The importance of genotype × environment interactions is another longstanding question that can be addressed with new genome-wide data. Such interactions have been suggested for psychiatric disorders, but we are not aware of any statistically significant and replicable interactions. The likely reason is that samples to date have been small and most studies have focused on only a small subset of candidate gene polymorphisms⁸⁷. Large genetically and environmentally informative samples will be needed to achieve the statistical power required given small expected effects. The findings from whole-genome studies can overcome some of these limitations by using the aggregate of multiple genetic risk factors identified in large genotyped samples to obtain a better estimate of genotype and applying this in smaller genotyped samples that are informative for relevant environmental risk factors. This design could be used to test whether genotype and environment act multiplicatively on risk or whether there is a real interaction⁸⁸.

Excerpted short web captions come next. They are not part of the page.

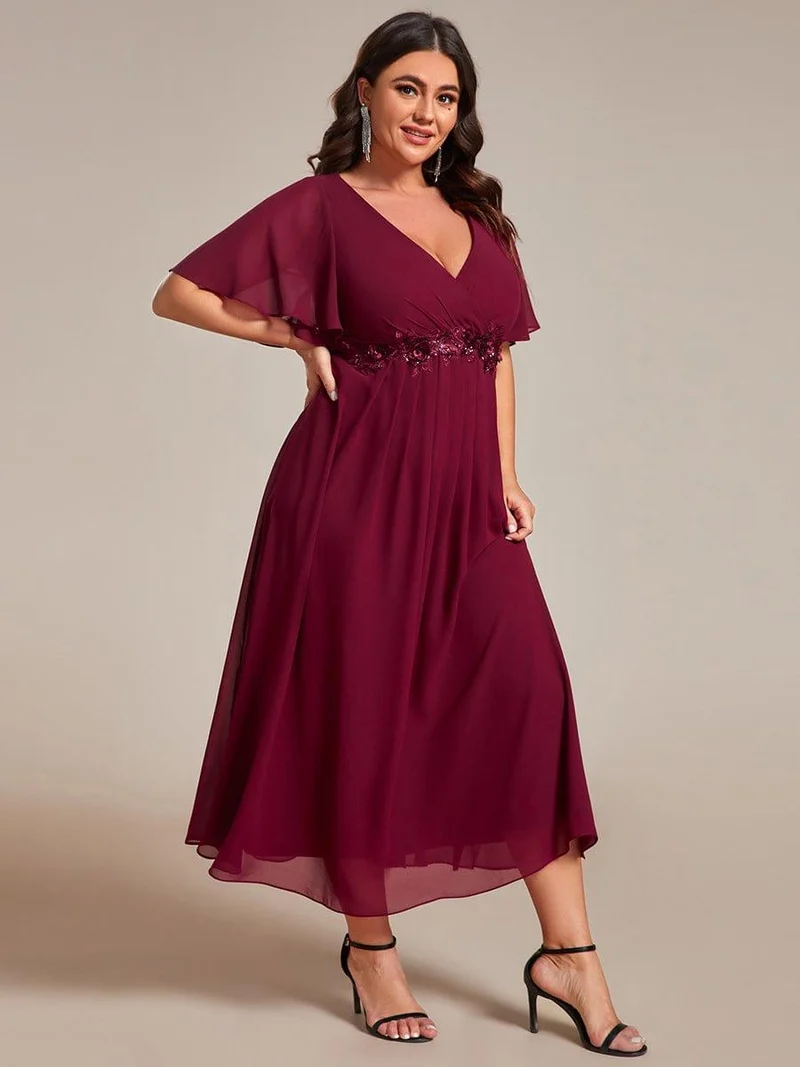 pretty DAHLIA|Robe d'invité de mariage mi-longue en mousseline de soie à col en V de grande taille avec applique à la taille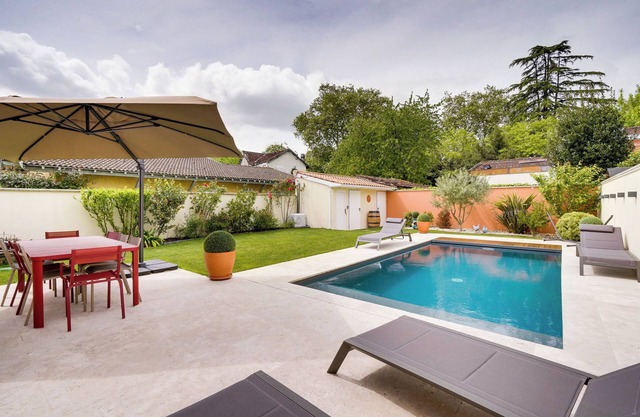Air-conditioned family home with swimming pool - Bordeaux Caudéran, 10 min from the center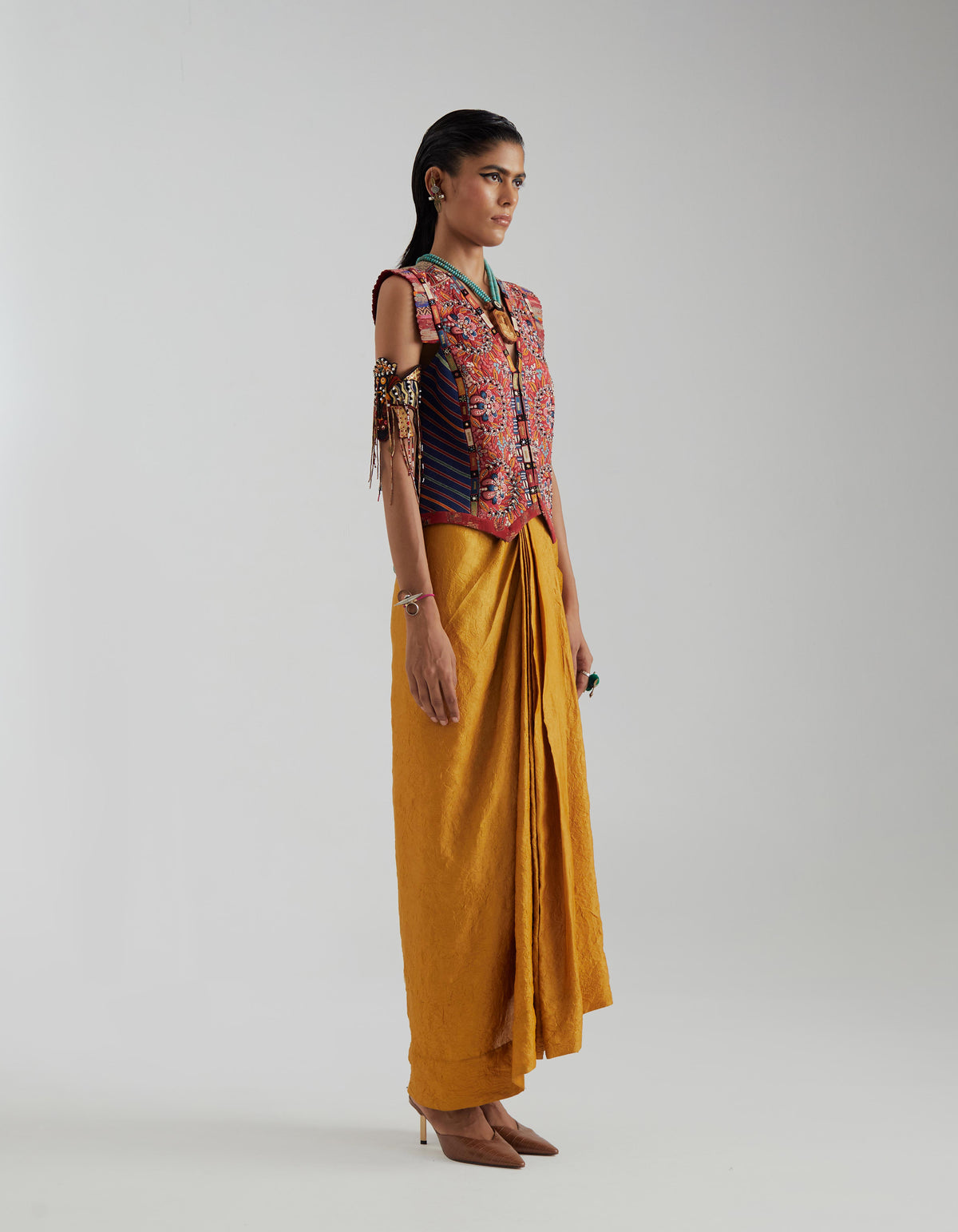 DHAARA WAISTCOAT SET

Another hypothesis that was posed many years ago is the relationship between paternal age and risk of disease in offspring, but data on de novo mutation rates and the identification of specific new mutations has not been feasible until recently. The availability of direct estimates of the de novo mutation rate from sequencing studies in families offers new opportunities for evaluating the relationship between paternal age, new mutations and the increased risk of ASD, SCZ and other disorders.

Conclusions

The genomics era has demonstrated the value of large data sets and international consortia and has narrowed down the genetic architecture dramatically. In Box 2, we summarize the current state of knowledge of genetics in psychiatric disorders. Efforts to accumulate and process very large samples for genotyping and sequencing are underway for multiple disorders and we can be confident that many additional genetic associations, common and rare, will be identified. The rate-limiting step for the field is now the availability (or lack thereof) of standardized phenotype data in large cohorts. The development of innovative ‘next-generation phenotyping’ methods for the quick and cost-effective collection of phenotype data in large samples should be a priority. Such efforts will require international collaboration, and should be geared toward testable hypotheses in evolution and epidemiology. Possibilities include the investigation of genotype × environment interactions (provided the right environment risk factors can be identified), and the use of Mendelian randomization to infer causal effects of modifiable environmental risk factors. A third possibility relates to natural selection, for instance, comparing fecundity in those with large de novo CNVs versus those without. This type of approach is likely to be complemented by endophenotype studies, including brain imaging⁸⁹, and by efforts to characterize the functional basis of genetic associations. Together, these approaches, by refining our understanding of etiology, hold the promise of better treatments and prevention for a group of disorders that account for about one third of the global burden of disease⁹⁰.